____ Data for analysis

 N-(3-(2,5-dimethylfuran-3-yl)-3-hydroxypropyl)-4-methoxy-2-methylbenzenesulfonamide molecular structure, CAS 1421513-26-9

________
____ Data for analysis

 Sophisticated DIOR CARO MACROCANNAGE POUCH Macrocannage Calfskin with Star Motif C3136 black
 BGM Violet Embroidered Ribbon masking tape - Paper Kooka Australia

________

Problem to solve:
Using the records above, write out exactly the lines between the one holding "Sophisticated DIOR CARO" and the one holding "BGM Violet Embroidered", inclusive; leave everything else out.

Answer space:
 Sophisticated DIOR CARO MACROCANNAGE POUCH Macrocannage Calfskin with Star Motif C3136 black
 BGM Violet Embroidered Ribbon masking tape - Paper Kooka Australia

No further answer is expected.